# DESIGN OPTIMIZATION OF MAIN-PROFILE MPEG-2 AAC DECODER

*Kyoung-Ho Bang<sup>\*</sup>, Nam-Hun Jeong<sup>\*</sup>, Young-Cheol Park<sup>\*\*</sup>, and Dae Hee Youn<sup>\*</sup>*

<sup>\*</sup>ASSP Lab., Dept. of Electrical and Electronic Eng., Yonsei University, Seoul, KOREA

<sup>\*\*</sup>CSPR, Yonsei University, Seoul, KOREA

E-mail: euphony@cyclon.yonsei.ac.kr

## ABSTRACT

In this paper, a system architecture optimized for the 2-channel main-profile MPEG-2 AAC decoder is presented. In order to enable an efficient job scheduling and allocation, the presented system comprises three hardware modules: Huffman decoder module, predictor module, and processing core module which is programmable using an assembly language of its own. Huffman decoder is designed to finish the requested job in only 1 clock cycle time and the predictor forms parallel processing with other modules, so that utilization of the system resource is maximized. The developed system has been coded in VHDL and MPEG-2 AAC decoding algorithm is programmed using the assembly of the processing core. For the verification of decoding algorithm, the 16-bit PCM output of the system was compared with the result of the floating-point simulation, and the result showed the maximum of 2-bit difference. Functional simulation verified that the developed system can decode standard MPEG-2 AAC main-profile bitstreams in real-time with high accuracy.

## 1. INTRODUCTION

In recent contexts of multimedia and applications, new demands for audio coding arise. As the high coding efficiency to cope with limited bandwidth has become the issue of most importance, a new MPEG standard, called advanced audio coding (MPEG-2 AAC, ISO/IEC 13818-7 [1]) has been standardized. This new standard exhibits many advantages over other MPEG audio standards. The MPEG-2 AAC standard provides very high audio quality without compatibility-based restrictions. It combines the coding efficiency of a high-resolution filter bank, prediction technique, temporal noise shaping (TNS) technique, and Huffman coding [1][2]. Due to these advantageous features, this new standard constitutes the kernel of the MPEG-4 AAC audio standard [3].

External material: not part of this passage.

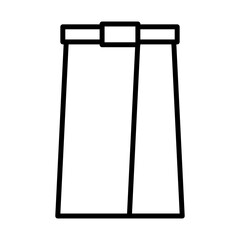 Sarong fashion muslim icon with black outline style. muslim, sarong, islam, religion, islamic, religious, ramadan. Vector Illustration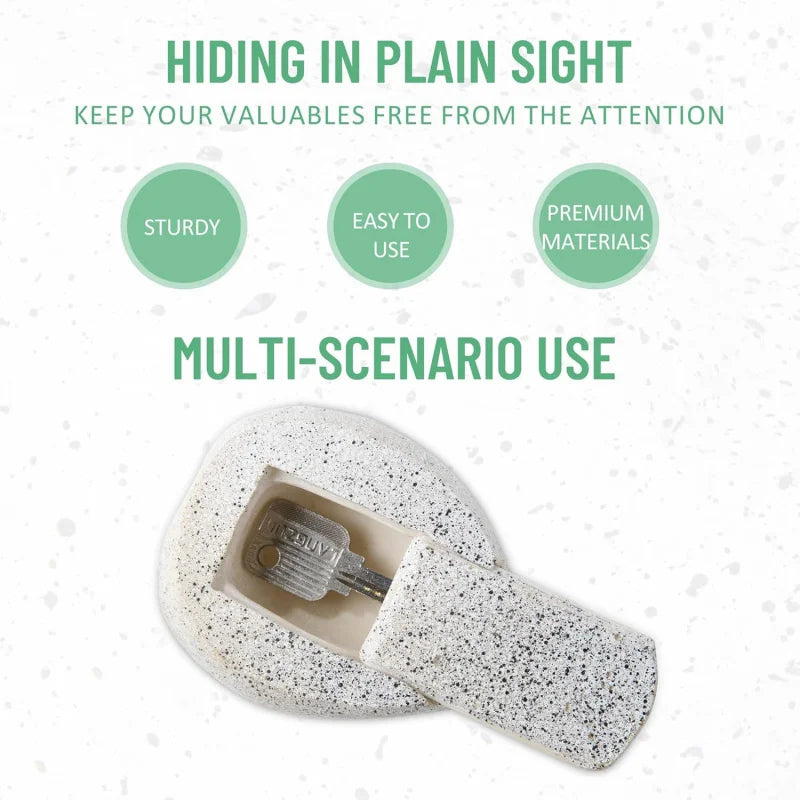 Rock - Stone Look - Hidden Safe Secret Storage Box Keys, Hider Garden or Yard -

MPEG-2 AAC system offers different tradeoffs between quality and complexity depending on the application. For this purpose three profiles have been defined: main profile, low-complexity (LC) profile, and sample rate scalable (SRS) profile [1]. Among these three profiles, the main profile provides the highest quality but also demands the highest complexity since it contains all the tools the exception of the gain control tool [2].

---

This work was supported by Electronics and Telecommunications Research Institute (ETRI).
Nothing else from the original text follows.